PACIFIC ISLANDS REPORT

Pacific Islands Development Program/East-West Center
With Support From Center for Pacific Islands Studies/University of Hawai‘i


Commentary

IS THE U.S. SERIOUS ABOUT ITS COMPACT PARTNERSHIPS?

By Scott Kroeker

HONOLULU (Pacific Islands Report, Oct. 22) - More than 500 people attending a Sept. 8 conference in Washington, D.C., sponsored by Secretary of Interior Gale Norton, heard about investment opportunities in four U.S. territories—Guam, Commonwealth of Northern Marianas, American Samoa and the Virgin Islands. According to a news release from the Office of Insular Affairs, companies from 33 states and territories attended the conference, which was touted as "a truly unique opportunity to meet the Governors of the Territories, high-ranking officials from the Federal government, multilateral financing agencies, and diverse private sector interests from around the world to help get your projects moving."

That same week before the House Committee of the Judiciary, H.J. Resolution 63, the "Compact of Free Associations Amendment Act of 2003," was being considered. The resolution would extend the special relationship between the United States and the Republic of the Marshall Islands (RMI) and the Federated States of Micronesia (FSM) for another 20 years. The compacts—international agreements exchanging certain security privileges and military arrangements for financial/programmatic assistance and immigration rights—were scheduled for renewal prior to their expiration on September 30 for these Pacific Island nations (two of America’s closest friends and unwavering supporters of the U.S. in international arenas) to continue to receive the support necessary to provide basic government services to their people. The U.S. House passed the reauthorization bill recently and the Senate is still considering it but funding has been temporarily extended under a continuing resolution bill passed on September 25. The respective island legislatures are waiting to act until the U.S. approves the reauthorization.

What do these two seemingly unrelated things have in common? Unfortunately, if you look at the participant list of the investment conference, which excluded RMI and FSM representatives, not much. However, this would have been the first good opportunity for the U.S. government to demonstrate its true commitment to making "Compact II" work for these island countries that are actively seeking ways to diversify their economies and increase foreign investment. Section 211 (a) (3) of the compacts with the FSM and the RMI discusses the U.S. desire to support those efforts at private sector development and commits "United States grant assistance . . . to support the efforts of the [freely associated states] to attract foreign investment and increase indigenous business activity by vitalizing the commercial environment."

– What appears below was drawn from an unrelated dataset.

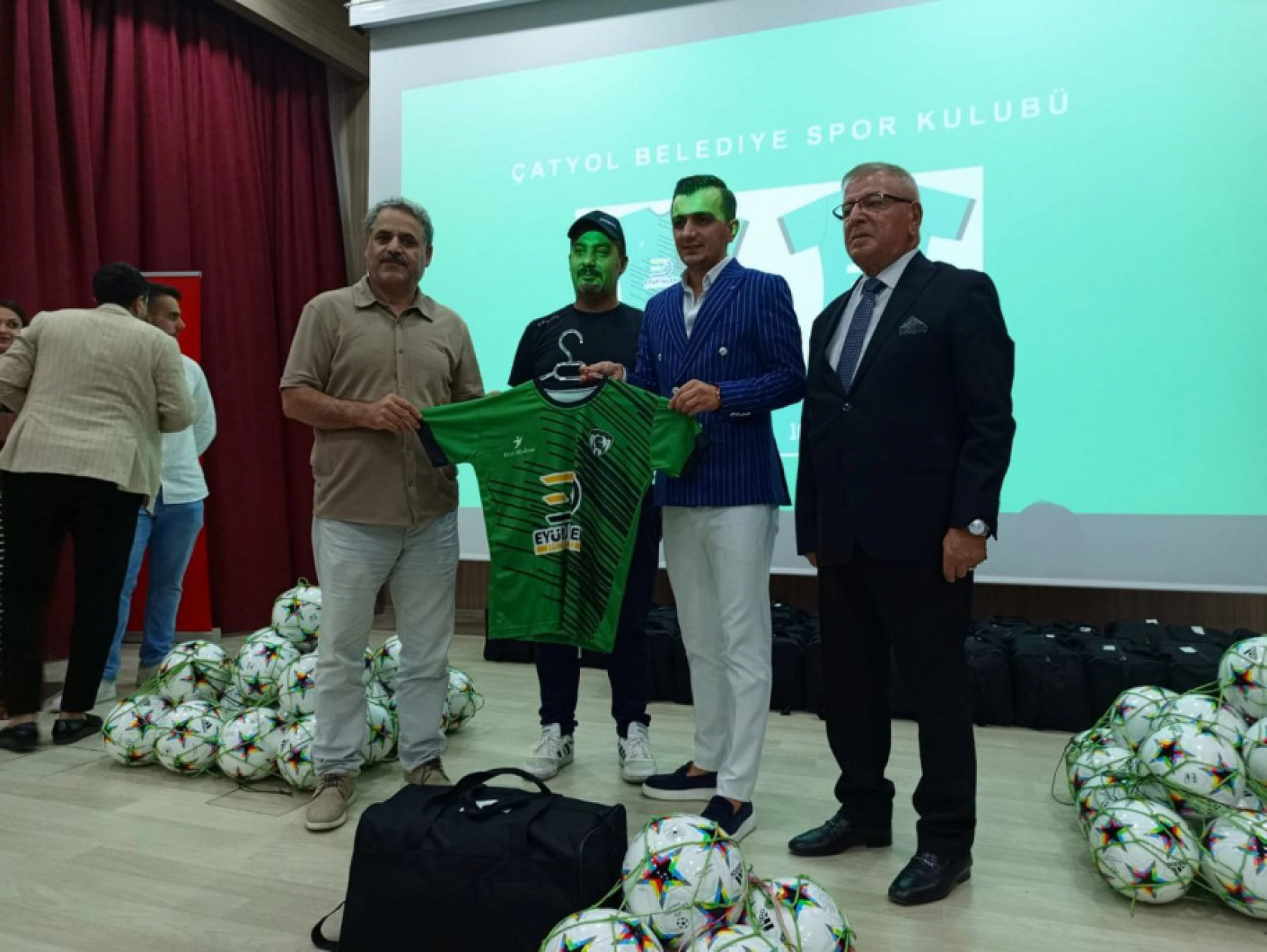 Malatya'da 5 Yıl Sonra Gelen Yardım: Amatör Spor Canlandı!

What better way to indicate that these words mean something than by inviting representatives from these countries (and the Republic of Palau, whose compact won’t be up for renegotiation for another six years but who is currently being pressured by the U.S. to modify terms of their own agreement) to participate in the investment conference? After all, the Office of Insular Affairs, which organized the conference, is "responsible for oversight of federal programs and funds in the freely associated states."

It is not as if the appropriateness of including the freely associated states simply slipped the mind of conference organizers as a live webcast of the event was conducted in each of the countries. If the FSM and the RMI had been invited to actively participated in "one of the premier events of the year," this not only would have shown that the United States is serious about its desire to help promote more self-reliance, but also would have indicated a maturing appreciation of the potential for these Micronesia nations to move away from dependency.

The explicitly stated goal of the new compacts is to encourage positive economic development in the freely associated states with the view to eventually reducing the need for U.S. government support. Putting aside whether the goal of self-sufficiency is remotely realistic or not, if the U.S. government is serious about encouraging long-term development it behooves them to seek every opportunity to maximize its own investment and leverage its funds and activities to support those stated efforts. If it continually fails to do so, it begs the question about its true commitment to a partnership with the freely associated states and seems like empty rhetoric.

As David Cohen, deputy assistant secretary for Interior’s Insular Affairs, rightly said in his testimony before the House Committee on Resources regarding renewal of the compacts, "there is clearly a heartfelt bond between Americans and the people of these islands."

But this should not be taken for granted by the United States and must be demonstrated at every opportunity, otherwise the islands will continue to look on the U.S. as an authoritative parent or ineffective Irooj (Marshallese chief)—resenting the controlling nature of the U.S. and their own dependency but willing to manipulate it for their own financial needs. When will a true partnership of equals be achieved?

October 22, 2003

Scott Kroeker is Joint Commercial Commission Project Officer in the Pacific Islands Development Program at the East-West Center in Honolulu.